On Tuesday, 20 November 2012 at 15:21:12 UTC, H. S. Teoh wrote:
It should work at the file descriptor level, perhaps even
combining with signal handling (using the self-pipe trick)

I was thinking we'd send pointers and a type hash through a pipe. It'd keep the read/write very simple.

Now, the event data must be defined to be transient, unless specifically told otherwise (e.g. immutable types), because then we can reuse the data structures to avoid allocations.

But take a gander at this:
http://arsdnet.net/dcode/typehash.d

We can take any type tuple, do a mangle of and get a unique
name for any combination of arguments. Then hash it, and we
have a nicely unique, fixed size message to send down the pipe.


One one end, we'll cast to a void* and send that along with the hash.

On the other side, only listener functions who's ParameterTypeTuple matches the typehash will receive a message. They can then cast the void* back to the argument type with confidence.

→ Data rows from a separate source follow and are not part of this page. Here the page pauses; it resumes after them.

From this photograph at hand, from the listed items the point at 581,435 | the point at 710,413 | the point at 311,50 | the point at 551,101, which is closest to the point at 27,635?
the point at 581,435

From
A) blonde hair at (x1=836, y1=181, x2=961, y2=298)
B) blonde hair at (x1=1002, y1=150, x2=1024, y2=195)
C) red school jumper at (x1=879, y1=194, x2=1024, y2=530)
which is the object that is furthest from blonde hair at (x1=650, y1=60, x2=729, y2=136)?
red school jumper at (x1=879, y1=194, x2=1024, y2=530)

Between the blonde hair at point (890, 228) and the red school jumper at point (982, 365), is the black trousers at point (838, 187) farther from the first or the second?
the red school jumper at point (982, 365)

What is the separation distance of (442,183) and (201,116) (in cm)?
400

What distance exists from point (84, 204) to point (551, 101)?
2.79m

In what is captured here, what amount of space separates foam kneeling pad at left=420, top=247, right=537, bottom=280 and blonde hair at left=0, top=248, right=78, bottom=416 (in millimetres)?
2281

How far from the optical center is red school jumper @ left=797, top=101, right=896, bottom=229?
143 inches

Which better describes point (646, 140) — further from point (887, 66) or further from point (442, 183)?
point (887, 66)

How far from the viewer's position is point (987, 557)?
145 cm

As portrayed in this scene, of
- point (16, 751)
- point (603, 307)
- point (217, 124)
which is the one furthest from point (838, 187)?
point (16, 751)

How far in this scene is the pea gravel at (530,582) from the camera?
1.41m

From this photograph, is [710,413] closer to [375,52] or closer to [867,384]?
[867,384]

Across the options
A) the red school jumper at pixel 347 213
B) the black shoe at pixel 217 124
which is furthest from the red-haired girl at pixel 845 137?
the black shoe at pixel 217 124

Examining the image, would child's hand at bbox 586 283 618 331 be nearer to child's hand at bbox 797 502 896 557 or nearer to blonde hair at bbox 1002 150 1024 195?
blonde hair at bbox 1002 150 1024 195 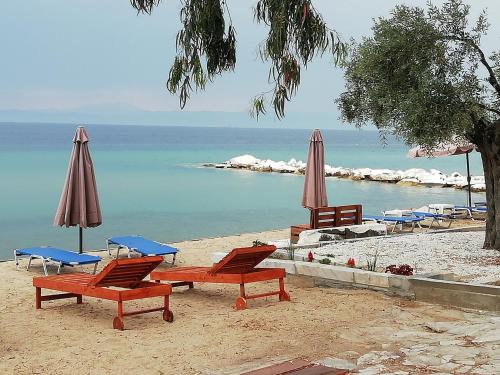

This lets us define custom messages as plain types:

struct MyMessage {
   string text;
}


event.listen((MyMessage m) { writeln("Received: ", m.text); }
event.send(MyMessage("hello!"));

event.loop(); // we should receive the message and call the above func



If there's no listener that matches the hash, we ignore the message. Now there'd be some care needed to not send pointers to stack data down the pipe, as that could be destroyed, but eh.

Some details gotta be worked out but I really like the idea of using type names like this.